EMBARGOED FOR RELEASE:
Saturday, Dec. 7, 2019
8:45 a.m. EST
BALTIMORE - Helen E. Scharfman, Ph.D., received the Research Recognition Award for basic
science at the annual meeting of the American Epilepsy Society (AES), a medical and
scientific society whose members are dedicated to advancing research and education for
preventing, treating and curing epilepsy.
Dr. Scharfman is a professor of child and adolescent psychiatry, neuroscience and physiology,
and psychiatry at New York University (NYU) Langone Health and an investigator at the NYU
Neuroscience Institute. She is also a research scientist in the Center for Dementia Research at
The Nathan S. Kline Institute for Psychiatric Research, which is affiliated with NYU and the
New York State Office of Mental Health. Dr.

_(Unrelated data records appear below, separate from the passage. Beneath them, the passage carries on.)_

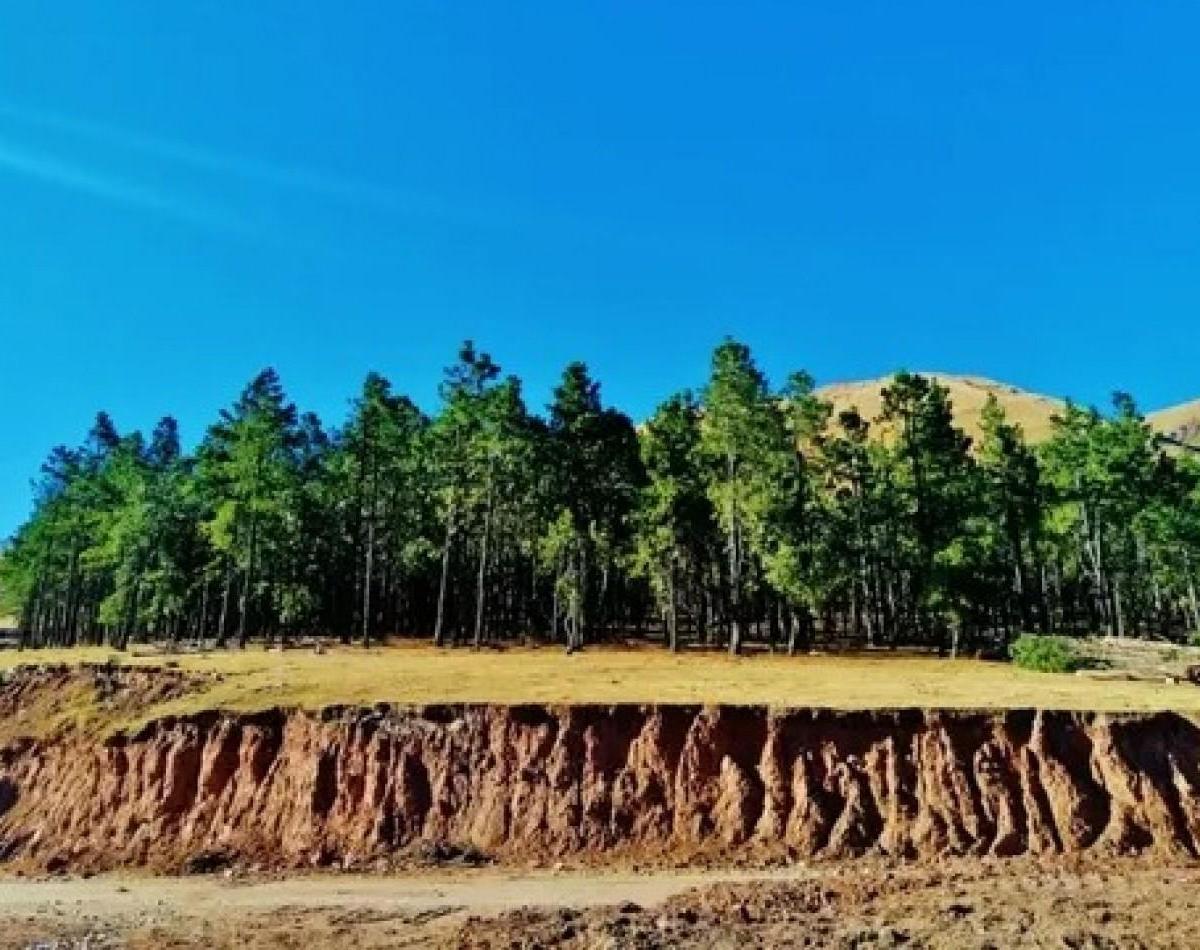 Venta Lote Pinar de Los Ciervos 4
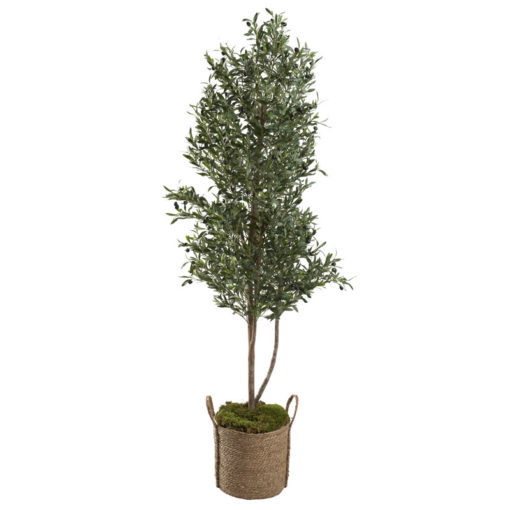 7' Olive Tree in Large Wyatt Basket - 321252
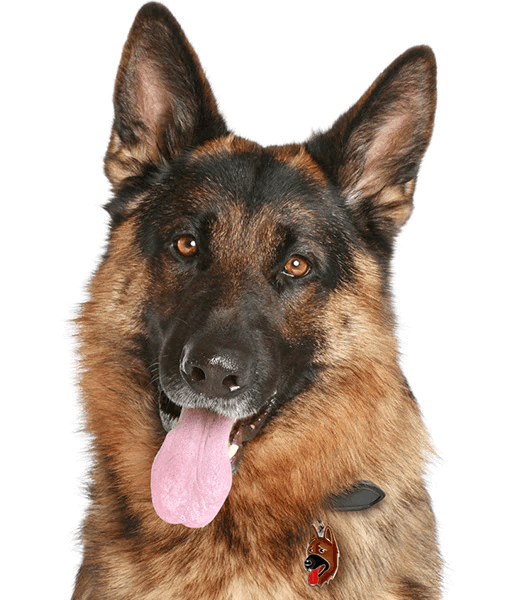 ID Tag - German Shepherd
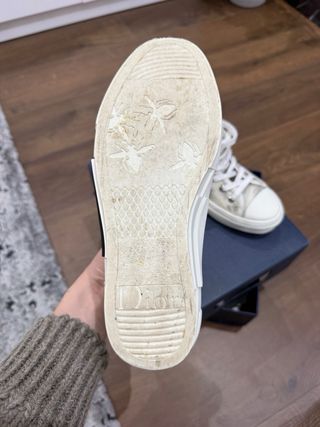 zapatillas converse xDior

Scharfman has a basic research laboratory
focused on mechanisms that regulate excitability and plasticity in the normal brain of rodents
and in animal models of epilepsy. She has published more than 150 articles and edited or coedited five books.
At AES, she has served on the board of directors and numerous committees such as the
publications, investigators workshop, program and basic sciences committees. She has also
been a contributing editor for Epilepsy Currents, AES’ open access commentary journal.
She has received National Institutes of Health (NIH) support since starting her laboratory in
1991 and has served on the boards for many national and international organizations, such as
the NIH, and provided ad hoc reviews for more than 40 peer-reviewed journals. She has
served on editorial boards of Science Translational Medicine, eLife, J. Neuroscience, Sci.
Reports, Epilepsia, Epilepsy Research, Epilepsy and Behavior, and Epilepsy Research and
Dr. Scharfman obtained her doctoral degree in pharmacology at the Uniformed Services
University of the Health Sciences and her postdoctoral training at the University of
Washington, Seattle. She then worked at the State University of New York, Stony Brook,
before she started her laboratory at Columbia University in New York.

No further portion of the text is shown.